Part of that increase is because the system has more students. The system received funding for 2,597 students last year and is receiving funding for 2,617 for the upcoming school year, Lumpkin said.

Superintendent Claire Dryden said she expects the budget to be a little smaller this year.

“Some areas were funded equally,” Dryden said. “Some were cut approximately 10 percent.”

She said areas such as special education and money for at-risk students, which can be used to hire additional teachers to reduce class sizes or to hire tutors, were the areas hit hardest. In addition the system is still waiting to hear from the state Department of Education if it will receive any of the federal rural money it requested, she said. Rural money is allocated based on the percentage of low-income students or those receiving free or reduced-price lunches in the system, Dryden said. It is federal money disbursed by the state, Lumpkin said.

Still the administrators are focusing on specific priorities as they create the school system’s budget. Students who were expelled before this year had no other options in Cleburne County, Dryden said. A new teacher based at the Cleburne County Career Technical School will offer some of those students a way to stay in school, Dryden said. The students can now be suspended from their home school and continue at the alternative school, she said.

Other new teachers have been hired to help reduce the size of science and math classes, Dryden said.

In addition the school system will continue to increase security at the schools and that will continue next fiscal year, Dryden said. Parents will see some of the changes immediately.

“The front doors of the schools will be locked and parents will have to buzz to get in,” Dryden said.

Some things parents won’t see, but will be noticeable in the classroom include an increase in professional development for teachers in the seventh grades and up, she said.

The school system, like systems across the state, sees a drop in achievement for middle school students, Dryden said. To combat that, the system is focusing on training teachers in best classroom practices for teachers in middle school and high school, she said.

The school will also continue to work toward providing computers for each of its middle and high school students, Dryden said.

The money to pay for these initiatives will come from local funds, Lumpkin said.

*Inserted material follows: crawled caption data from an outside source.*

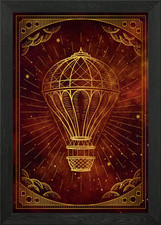 Quadro stampa su tela poster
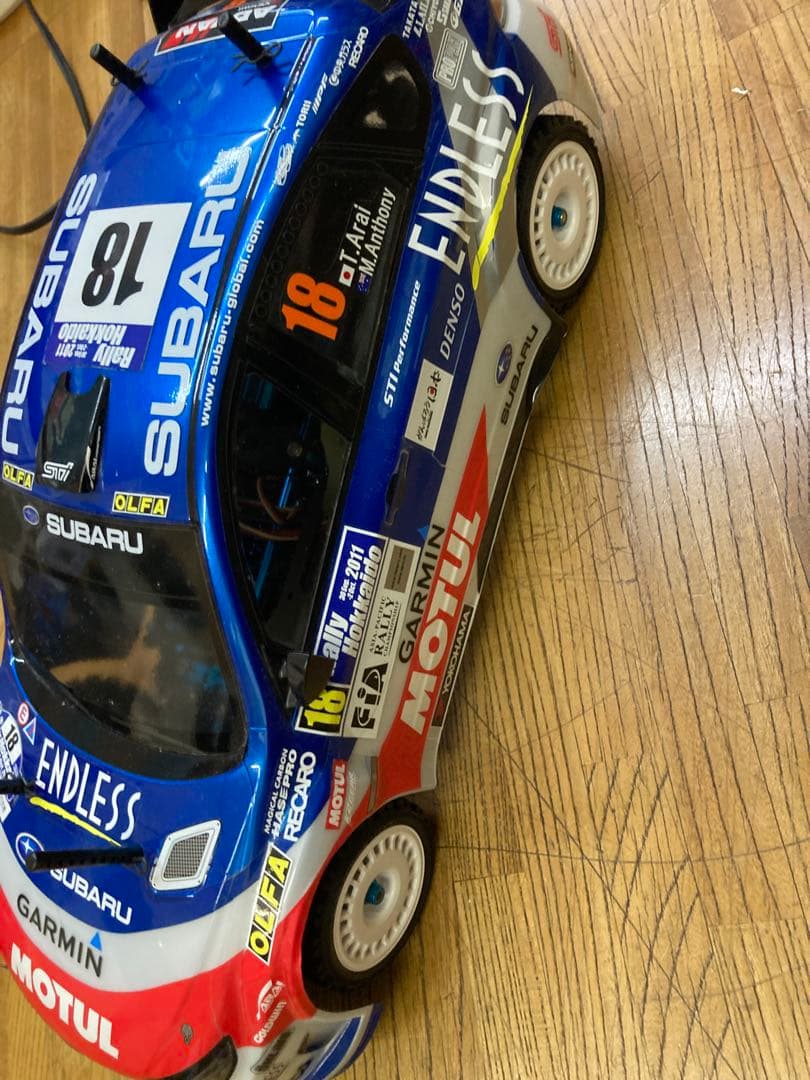 ま*ん様 C2-166 タミヤ　TT.02Rフルオプション社外パーツ付 ラリー仕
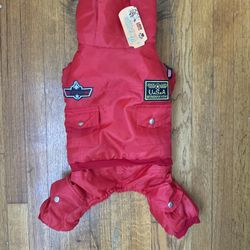 Hotel Doggy Top Gun Pup Jacket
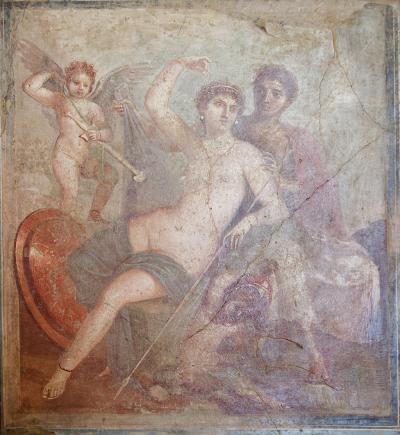 'Mars and Venus MAN Napoli Inv9248' by Marie-Lan Nguyen - Marie-Lan Nguyen. Licensed under Public domain via Wikimedia Commons - http://commons.wikimedia.org/wiki/File:Mars_and_Venus_MAN_Napoli_Inv9248.jpg#mediaviewer/File:Mars_and_Venus_MAN_Napoli_Inv9248.jpg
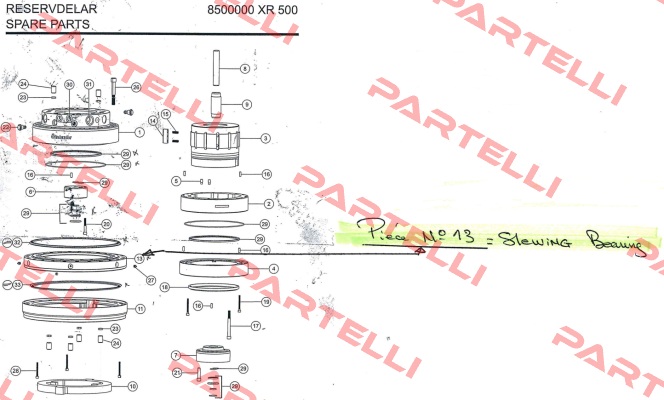 8100166R Indexator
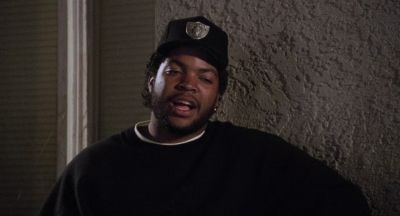 You don't go there to talk to bitches - Boyz n the Hood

Board of Education member Hope Lee said the school system relies on local money to pay for the extras because school funding from the state and federal departments of education are generally allocated for specific purposes.

For instance money to pay for teachers or transportation can’t be used for other purposes.

“The amount of things that we have on our wish list is very limited, because it comes out of local money,” Lee said.

Local funding, mostly from property and sales taxes, makes up $3.6 million of the $22.9 million budget. Much of that is used to pay for extra teachers and staff not provided by the state, Lee said.

Still, Lee said, the board does have some priorities, such as security and maintenance at the schools.

“Right now, we are addressing the things that the board has discussed such as the safety issues,” Lee said. In addition, she noted, the budget can change throughout the year so that if needs pop up, the board can deal with them, Lee said. However, budgeting for day-to-day operations is best left to the people who work at the schools every day, she added.

Attempts to reach the other board members for comment were unsuccessful.